Learned authors David W. Neubauer and Stephen S. Meinhold point out, in the context of the United States of America, that “lawyers representing plaintiffs in personal injury cases typically work under a contingency fee agreement.”
Contingency fee agreements are expressly prohibited by Section 112 of the Legal Profession Act 1976 (“LPA 1976”):
“Except as expressly provided in any written law, or by rules made under this Act, no advocate and solicitor shall—
(b) enter into any agreement by which he is retained or employed to prosecute any suit or action or other contentious proceeding which stipulates for or contemplates payment only in the event of success in such suit, action or proceeding.” (emphasis mine)
The rationale behind the prohibition stems from the “… abuses to which it may give rise.

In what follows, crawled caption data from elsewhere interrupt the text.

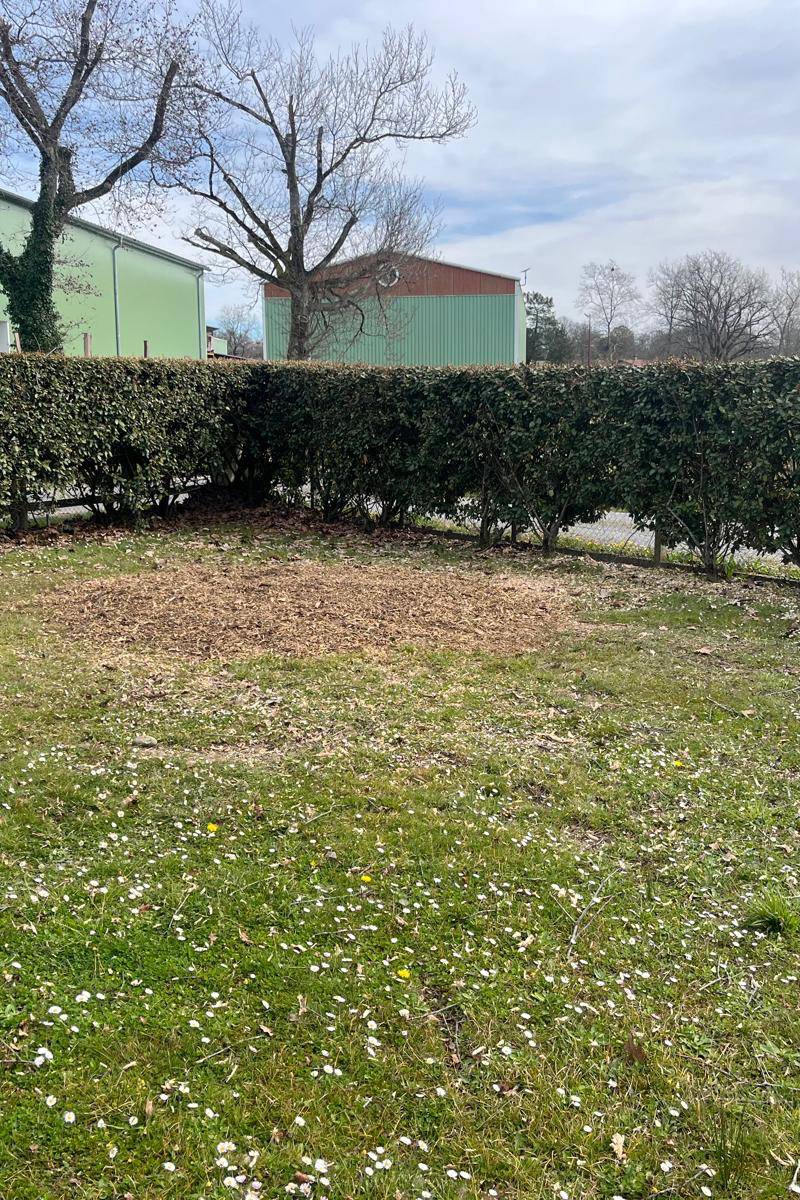 Salies, après
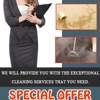 Little ELm TX Carpet Cleaning gallery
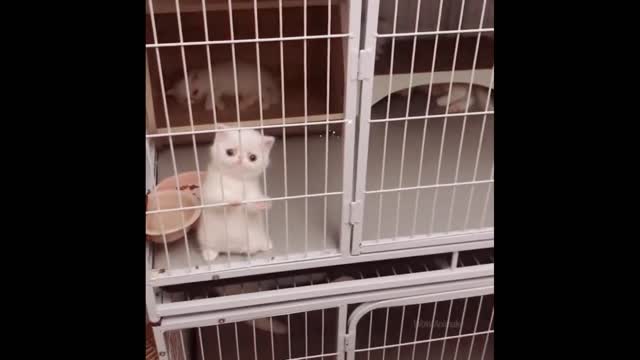 Funniest Animals video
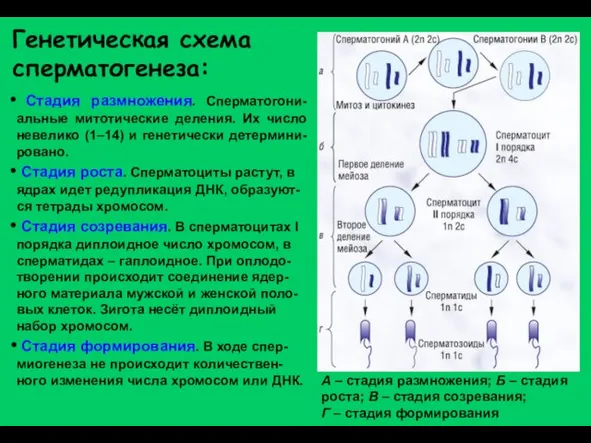 Генетическая схема сперматогенеза: А – стадия размножения; Б – стадия роста; В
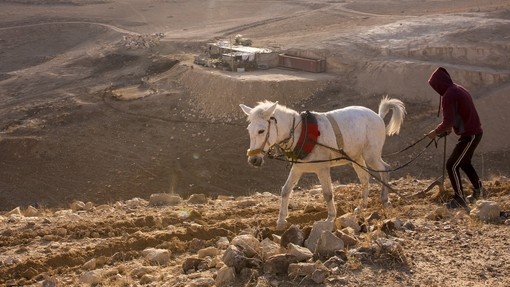 A white working mule on a rural path in Morocco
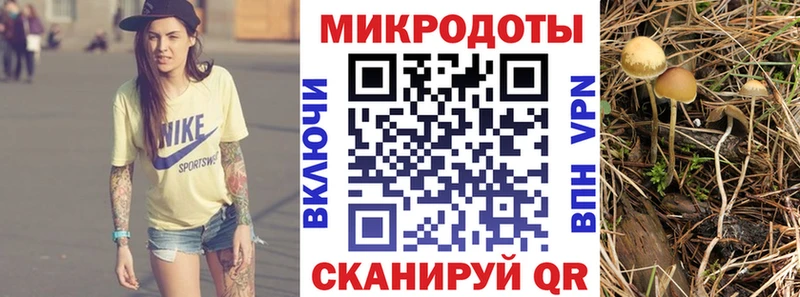 Псилоцибиновые грибы мухоморы Усть-Катав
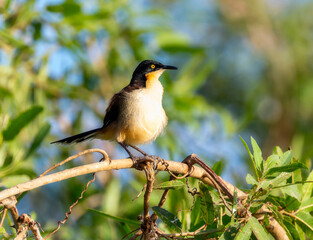 Fototapeta premium Black-capped Donacobius ( Donacobius atricapilla) in Brazil
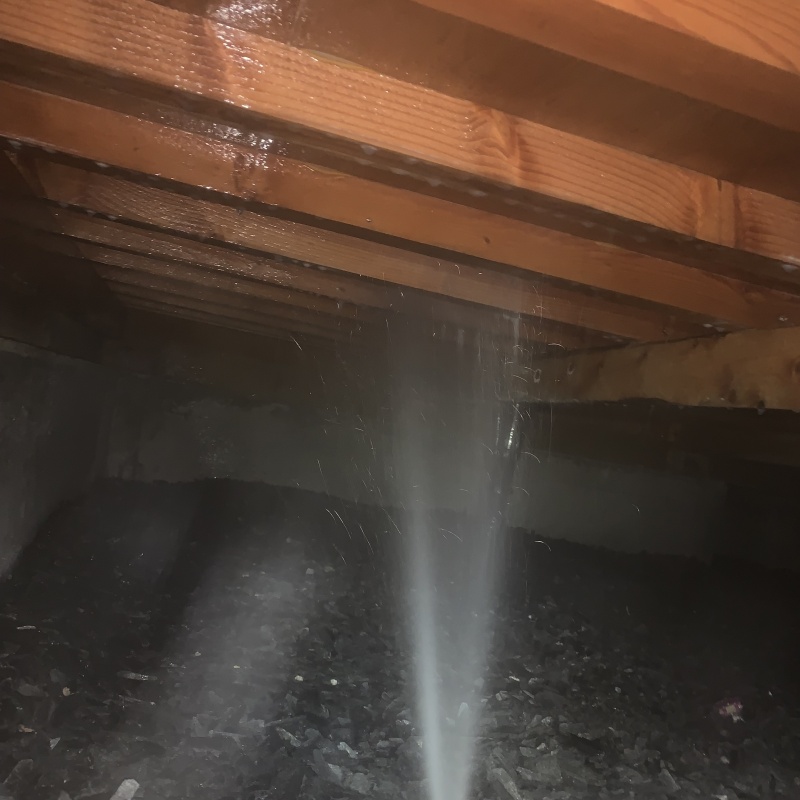 築年数30年のシロアリ予防の施工事例（愛知県田原市野田町南彦田）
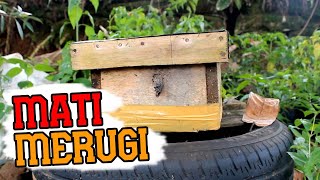 Ternak Lebah Trigona? Perhatikan Ini Kalau Tidak Mau Merugi!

The common law fears that the champertous maintainer might be tempted, for his own personal gain, to inflame the damages, to suppress evidence, or even to suborn witnesses.” (emphasis mine)
Lawyers, however, have creatively circumvented Section 112 of the LPA 1976 by introducing agreements which involve the payment of a basic fee coupled together with the payment of a success fee (“Basic Fees + Success Fees Agreement“). The former is payable notwithstanding the outcome of the suit, action or proceeding.
The Basic Fees + Success Fees Agreement has been tested in the courts and have been upheld as being valid.
In Chai Chee Chin and Others v Tetuan Zahari Ong & Co  MLJU 623 (“Chai Chee Chin“), the agreement was for 20% of the monies awarded by the Land Administrator subject always to a minimum legal fee of RM1,000.00.
Azmel bin Haji Maamor J (later FCJ) held that the agreement was not contrary to Section 112(1)(b) of the LPA 1976 as the Defendant will be paid regardless of the circumstances and decision made in the proceedings before the Land Administrator.
The Court of Appeal in Lua & Mansor (suing as a firm) v Tan Ah Kim  3 MLJ 371 (“Lua & Mansor“) affirmed the decision of the High Court in Chai Chee Chin and remarked that:
“… the pre-agreed costs by the parties in this case is known as success fees, and not contingency fees because the agreed 15% fees is not contingent upon the defendant winning the case but it was additional fees agreed, in addition to the RM20,000 basic fees.” (emphasis mine)
Recently, in Jacob and Toralf Consulting Sdn Bhd & Ors v Siemens Industry Software Gmbh & Co Kg (previously known as Comos Industry Solutions GmbH and previusly known as Innotec GmbH) & Ors  MLJU 767 the agreement between the respondents and their lawyer was for:
“… payment of an agreed fee of a fixed sum of RM 200,000.00 and 5% of any award from a successful conclusion of the trial of the plaintiffs’ claim or of any sum agreed to by way of an out of court settlement of the plaintiffs’ claim.”
The learned High Court judge made no reference to Chai Chee Chin or to Lua & Mansor but nevertheless held that the champerty, as embodied in s. 112 of the LPA 1967, was not proven.
Unfortunately, the Basic Fees + Success Fees Agreement has not been tested at the apex court. Having said that, the Basic Fees + Success Fees Agreement remains a valid legal fee structure until and unless Lua & Mansor is overruled by the Federal Court.